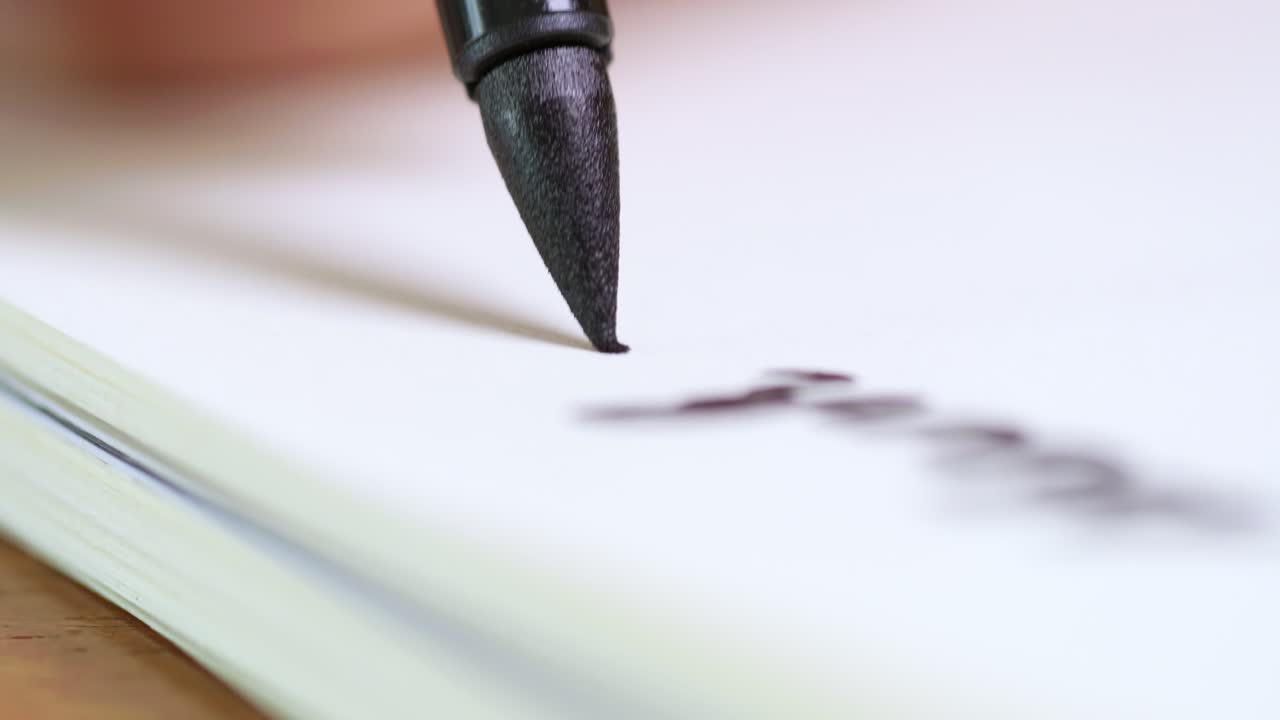 Discover effective writing techniques to enhance creativity and productivity your home office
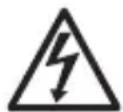 TOKAI TC139 - WARNING - 1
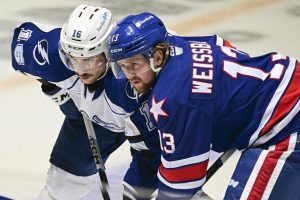 AHL Morning Skate: April 26, 2024 | TheAHL.com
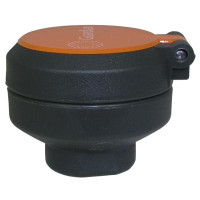 Guardian AP470-001 GS-Plus Eyewash Sprayhead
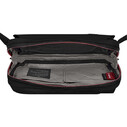 Victorinox - Victorinox 653382 Travel Essential Bel Çantası (RFID Korumalı) (1)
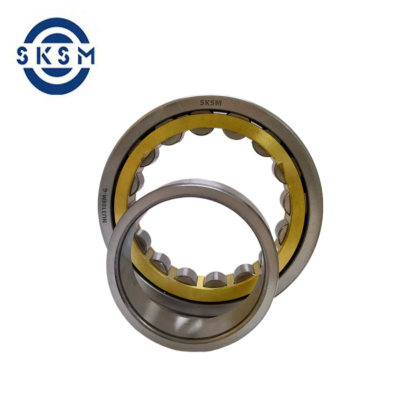SKSM圆柱滚子轴承NU226Q1/P63S0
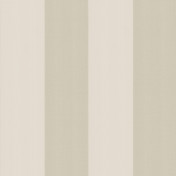 Английские обои Little Greene, коллекция Painted Papers, артикул 0286BSMULLI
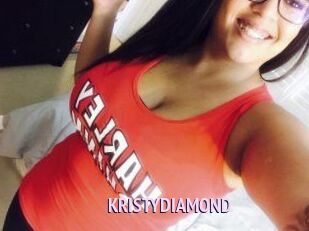 KRISTYDIAMOND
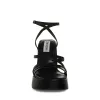 AFFECTION BLACK sold by Steve Madden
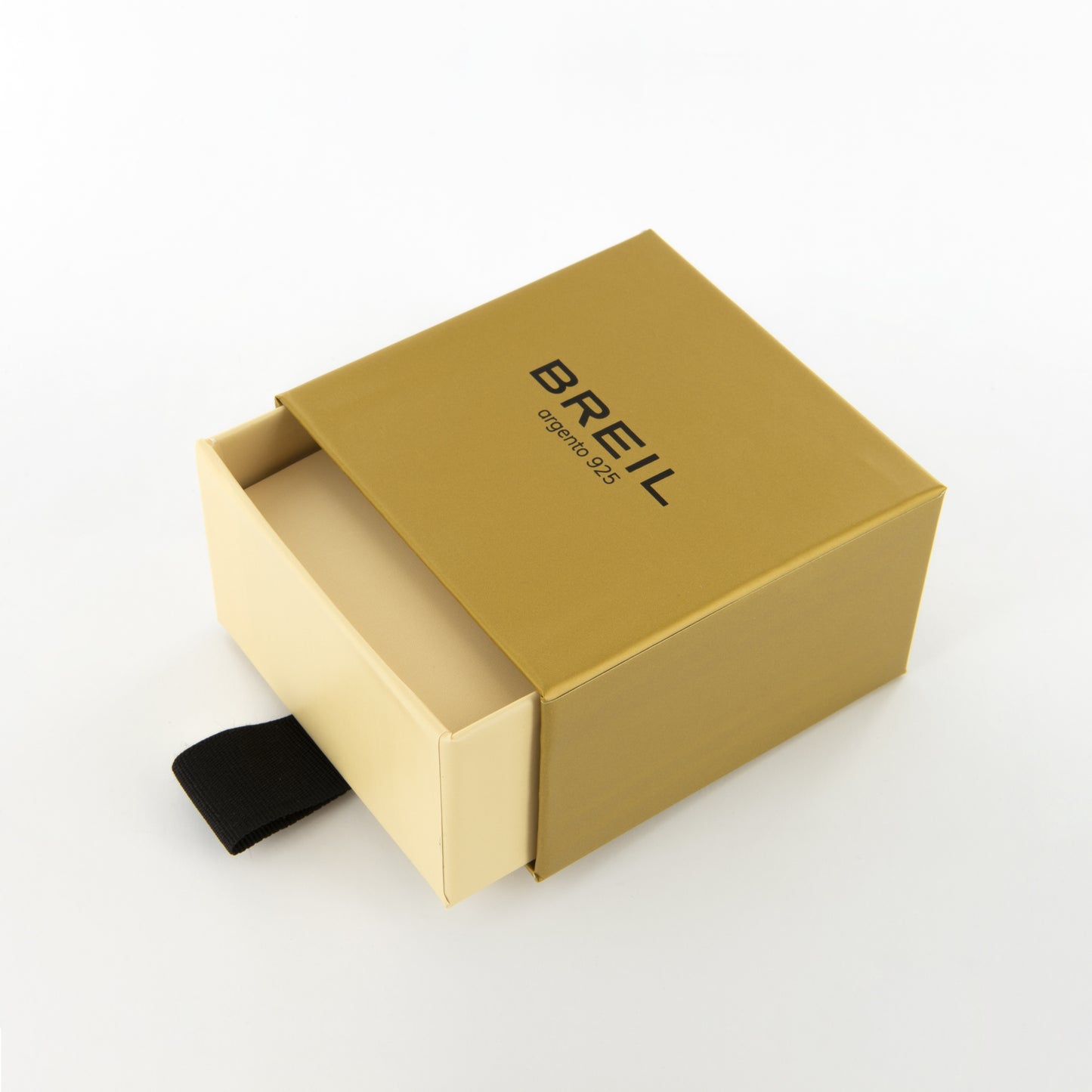 Collana Pendente Cuore Darling Silver TJ3155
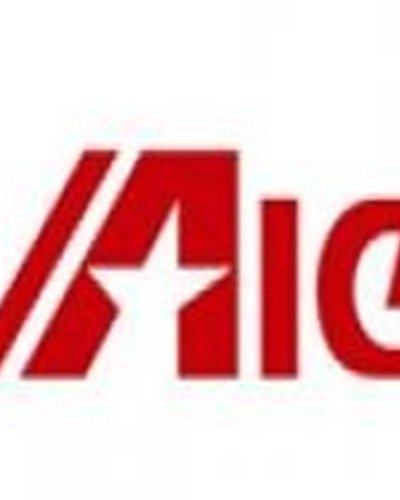 China Qingdao International Industrial Automation Technology and Equipment Exhibition Zipevent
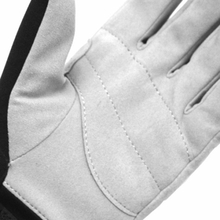 Tauchen Handschuhe 2 MM Neopren Neoprenanzug Handschuhe Warm Schnorcheln Surfen Kajak Handschuhe tragen Fünf Finger Handschuhe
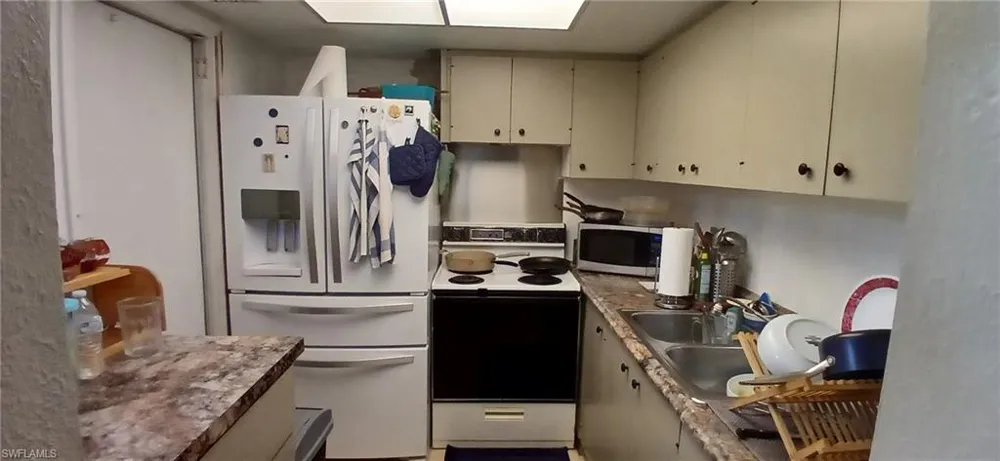 1207 Tropic Terrace North Fort Myers, FL 33903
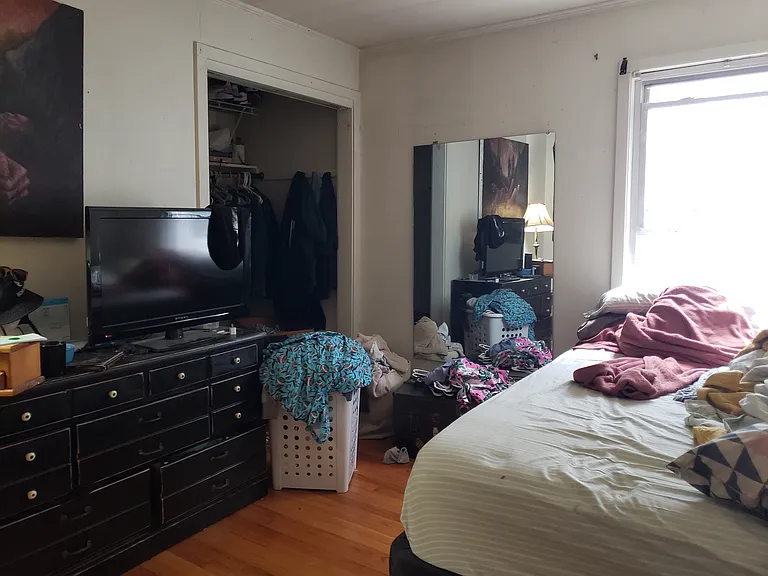 209 N Livingston St #2 — Photo 9
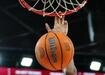 Basketbol �ampiyonlar Ligi kura �ekiminin tarihi a��kland�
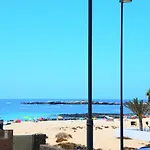 Casa Maria Cotillo Mar
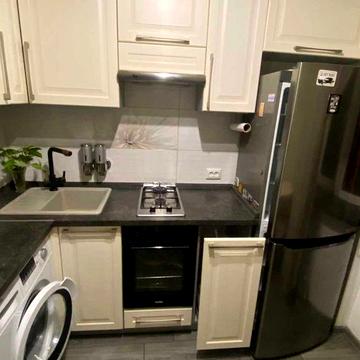 Сдам 2-х ком кв на Генерала Петрова/Гайдара/Сильпо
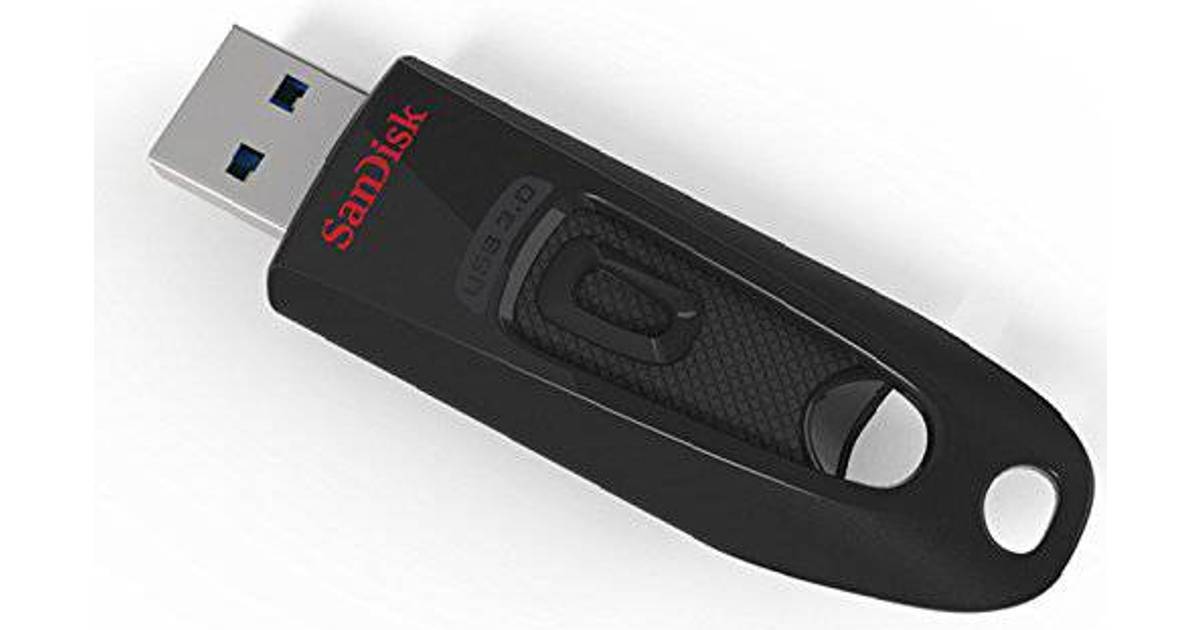 usb stik pricerunner usb stik pricerunner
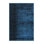 Tapis abstrait moderne 4408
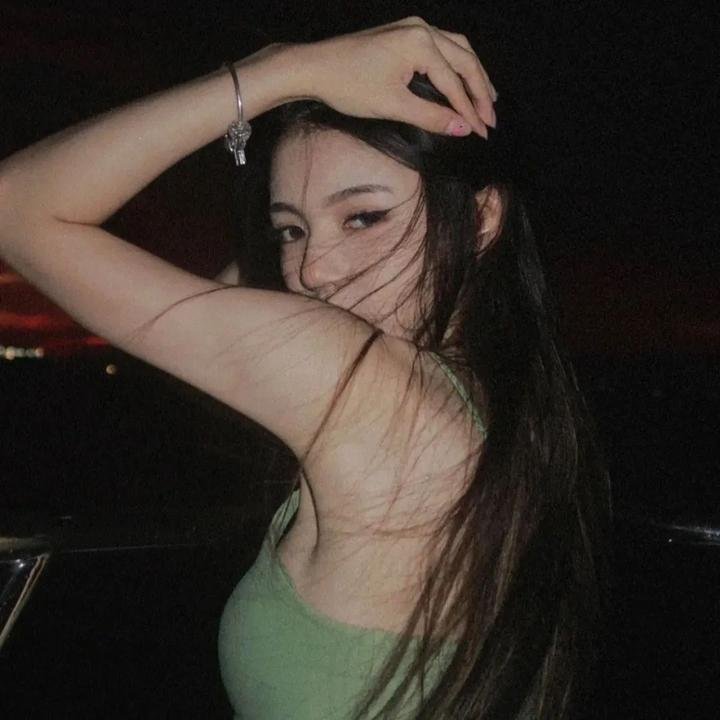 玫瑰的故事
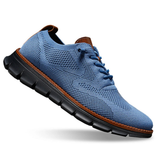 Gil™ | Zapatillas de senderismo ultracómodas para todo el día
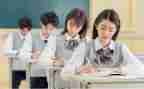数学备课组工作总结优质7篇
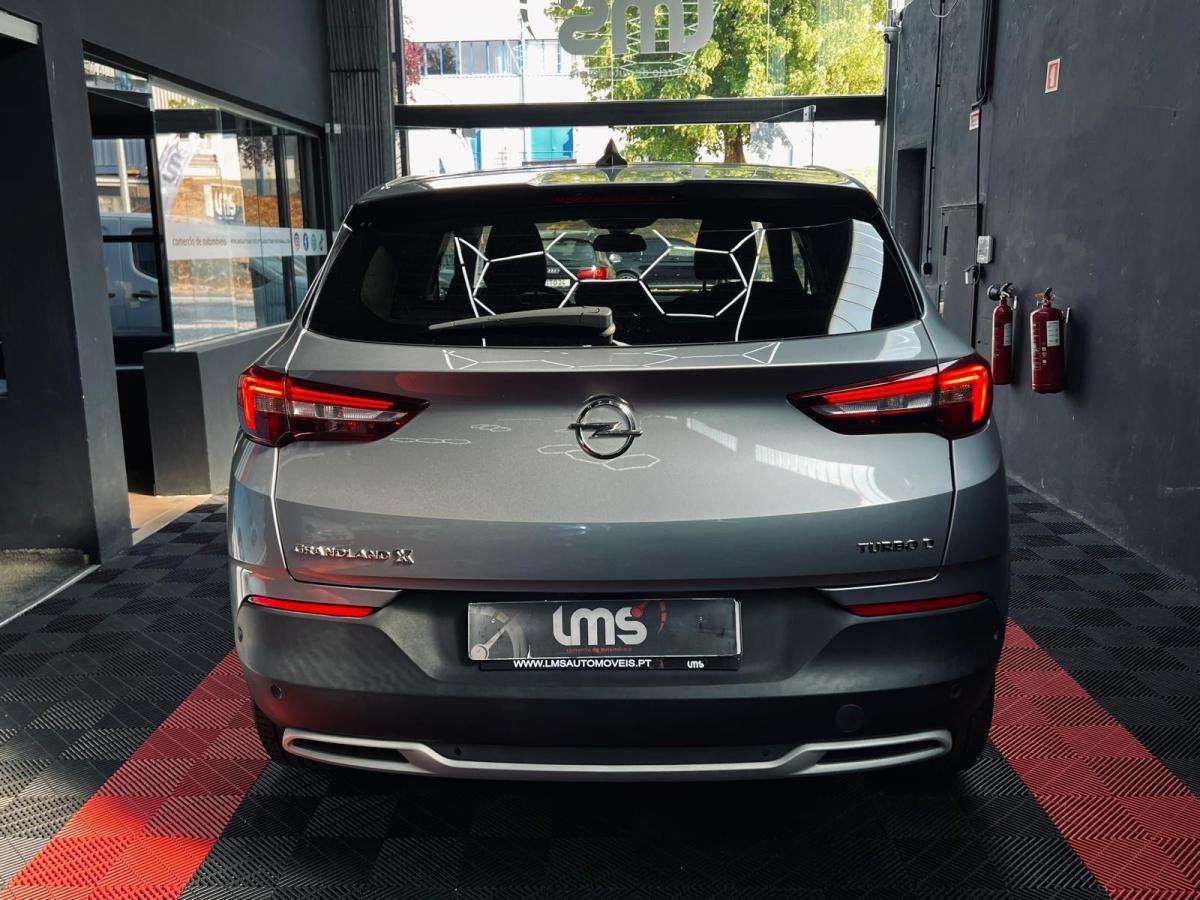 opel-grandland-x-2019-diesel-1499cc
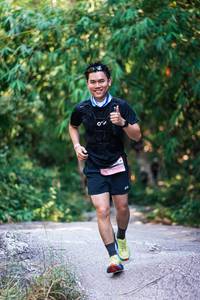 BIB: 
                            <button type="button" onclick="openModal(28023564)" class="btn btn-primary btn-sm float-right btn-popup" data-toggle="modal" data-target=".modal-high-quality">
                        <i class="fas fa-shopping-cart"></i> Add to Cart
                    </button>
                                            <button type="button" onclick="isThisMe(28023564, true)" class="btn btn-success btn-sm float-right btn-popup btn-isme hidden" data-toggle="tooltip" data-placement="bottom" title="นี่คือรูปของคุณใช่ไหม คลิกที่นี่เพื่อเอาเข้าอัลบั้ม">
                        <i class="fas fa-plus"></i> Add to album
                    </button>
                    <button type="button" onclick="isThisMe(28023564, false)" class="btn btn-warning btn-sm float-right btn-popup btn-isnotme hidden">
                        <i class="fas fa-ban"></i> Remove from album
                    </button>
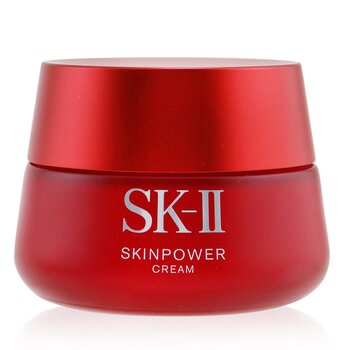 Skinpower Cream קרם  80g/2.7oz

Action item:
Find the line containing "Add to Cart" in the listing above. Please restate word for word that line through the last one, leaving out the pictures.

Reply to the task:
                        <i class="fas fa-shopping-cart"></i> Add to Cart
                    </button>
                                            <button type="button" onclick="isThisMe(28023564, true)" class="btn btn-success btn-sm float-right btn-popup btn-isme hidden" data-toggle="tooltip" data-placement="bottom" title="นี่คือรูปของคุณใช่ไหม คลิกที่นี่เพื่อเอาเข้าอัลบั้ม">
                        <i class="fas fa-plus"></i> Add to album
                    </button>
                    <button type="button" onclick="isThisMe(28023564, false)" class="btn btn-warning btn-sm float-right btn-popup btn-isnotme hidden">
                        <i class="fas fa-ban"></i> Remove from album
                    </button>
 Skinpower Cream קרם  80g/2.7oz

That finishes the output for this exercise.